When he was 17, he was introduced to Buddhism by a friend. His curiosity about Buddhism did not last long and at 18 he became interested in Islam. He converted to Islam at age 19, shortly after meeting his wife al-Rushaid, who was a Muslim. For a while he did not practice Islam despite having converted, but once he moved to the U.S. he began to attend Friday prayers.

===Family life===
He married al-Rushaid in 1987 in Ohio, where she had been studying. Between 1988 and 1992 the couple split time between Pakistan and Kuwait. In 1993, they moved from Kuwait to Chicago, where the Global Relief Foundation had already been established. In 1996, they moved back to Kuwait before returning to the United States in 1998. By 1999 they moved to Ann Arbor where Haddad continued to work for GLF.
They have children, Sana, Sami, and Rami, and currently live in Lebanon.

Haddad also served as a fundraiser for the Ann Arbor chapter of the Council on American-Islamic Relations (CAIR). While living in Ann Arbor he also served as an imam at the Islamic Center in Ann Arbor where he also taught school and gave lectures.

==Global Relief Foundation==
Global Relief Foundation, also known as Fondation Secours Mondial (FSM), was started in 1992 as a non-profit charitable organization, and became the largest Islamic charity in the United States.

Rabih Haddad served as GRF's president throughout the 1990s and 2000.

==Detroit Free Press v. Ashcroft==
In January 2002, several news organizations, the American Civil Liberties Union, and U.S. Representative John Conyers (D-Detroit) sued Attorney General John Ashcroft, Immigration Judge Elizabeth Hacker, and Michael Creppy, who was the nation's chief immigration judge. They demanded that the hearings be opened and the records be made public. This suit was initiated due to Rabih Haddad's closed hearings. Haddad and his attorney later also filed a lawsuit demanding that his hearings be open to the public.

In April 2002 U.S. District Court Judge ruled that his hearings must be opened but the Justice Department appealed the decision. His hearings were then opened and he was granted a new bond hearing with a new judge.

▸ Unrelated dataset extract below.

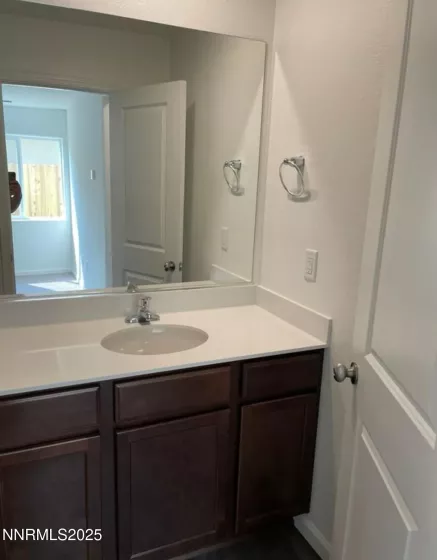 737 Valmy, Reno, Nevada 89506, 2 Bedrooms Bedrooms, ,1 BathroomBathrooms,Residential,Residential,Valmy,250055287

==Global Anti-Aggression Campaign==
The Global Anti-Aggression Campaign (GAAC) was started in Qatar by Dr. Abd al-Rahman al-Nuaimi, a founding member of the Sheikh Eid Organization. It was formed in 2003 to create an Islamist network that campaigns against Western imperialism in the Muslim world. The campaign organizes yearly conferences. Rabih Haddad serves as the group's Lebanese chief, who was appointed by the Sheikh Eid Organization to optimize the Salafi activities of the group. Rabih Haddad currently serves on the board of trustees. Nuaimi also currently still serves on the Board of Trustees of GAAC.